Pictures stay out of the output. Return exactly the lines below from the one with "Imagem colorida com" down to the one with "Set of line", both included, and nothing more.

(DATA SHOWN Opens)

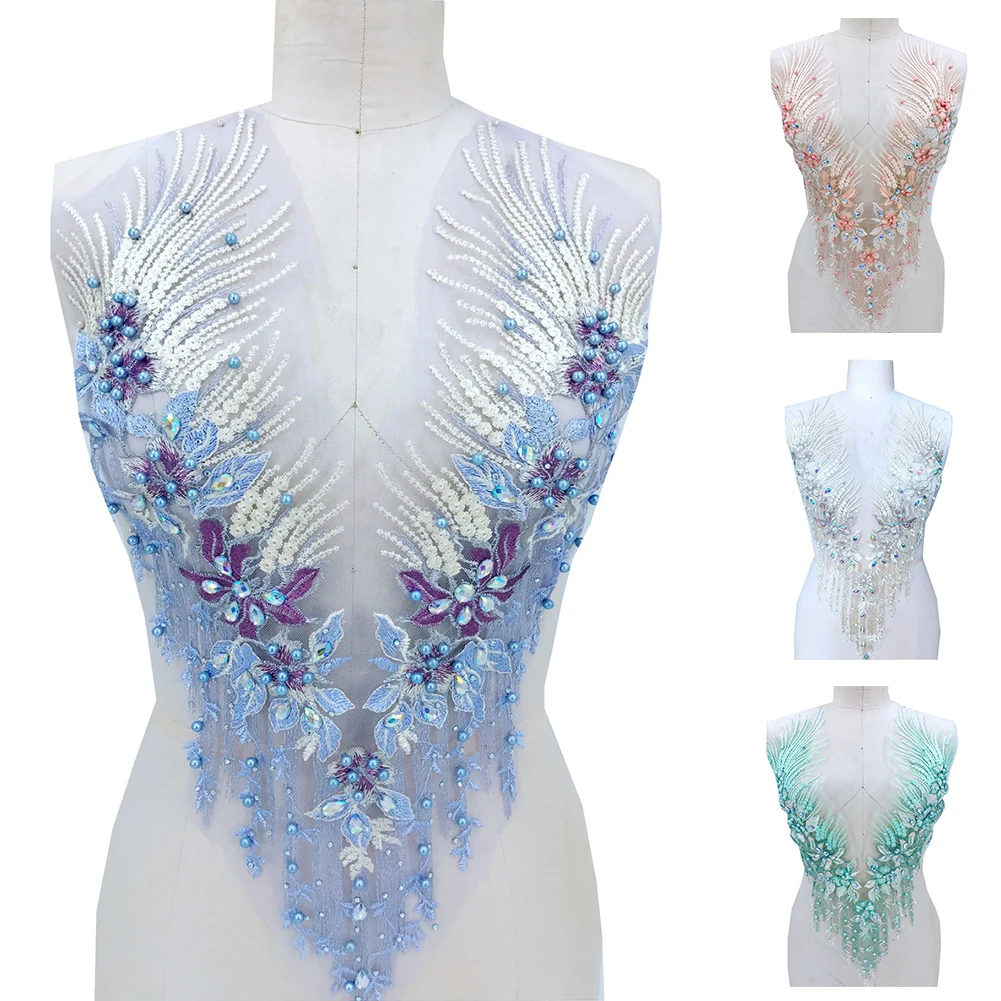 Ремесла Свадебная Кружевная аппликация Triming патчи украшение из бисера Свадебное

(DATA SHOWN Closes)
(DATA SHOWN Opens)

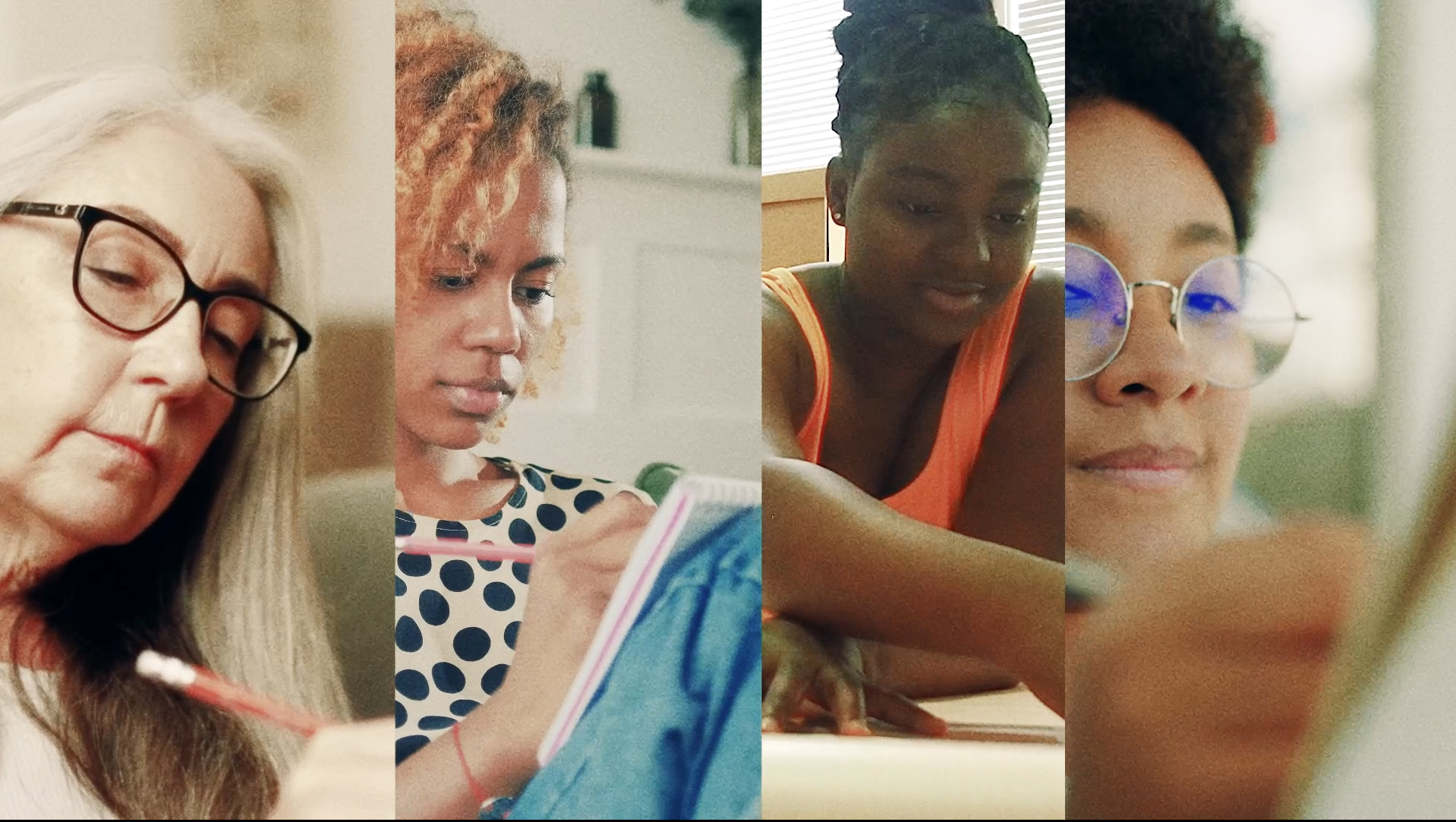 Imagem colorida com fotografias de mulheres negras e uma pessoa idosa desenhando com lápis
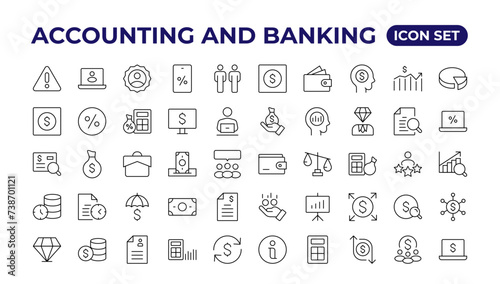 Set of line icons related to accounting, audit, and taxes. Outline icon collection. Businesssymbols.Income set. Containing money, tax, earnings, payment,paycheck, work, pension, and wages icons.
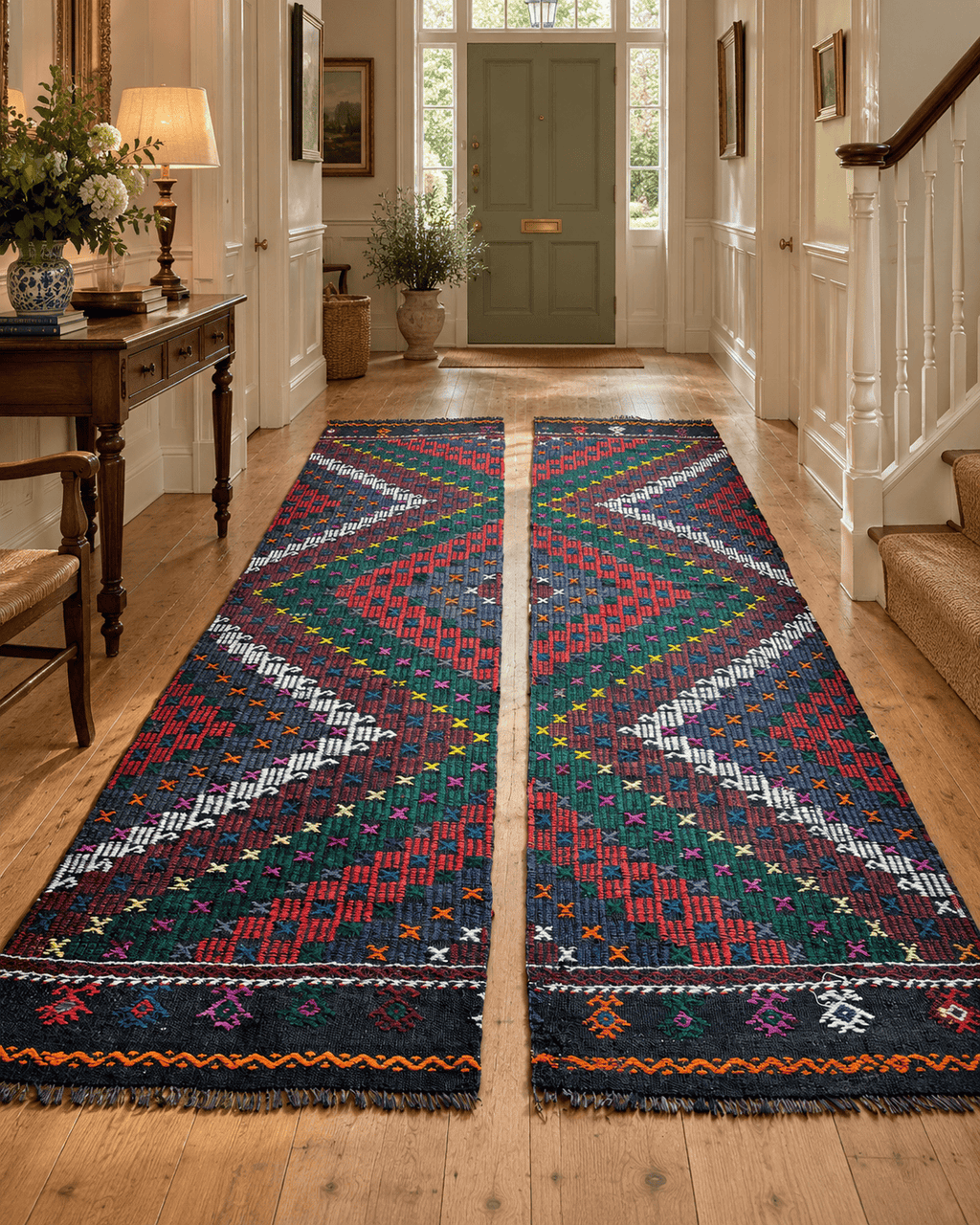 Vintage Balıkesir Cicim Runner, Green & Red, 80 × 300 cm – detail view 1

(DATA SHOWN Closes)

RESPONSE
 Imagem colorida com fotografias de mulheres negras e uma pessoa idosa desenhando com lápis
 Set of line icons related to accounting, audit, and taxes. Outline icon collection. Businesssymbols.Income set. Containing money, tax, earnings, payment,paycheck, work, pension, and wages icons.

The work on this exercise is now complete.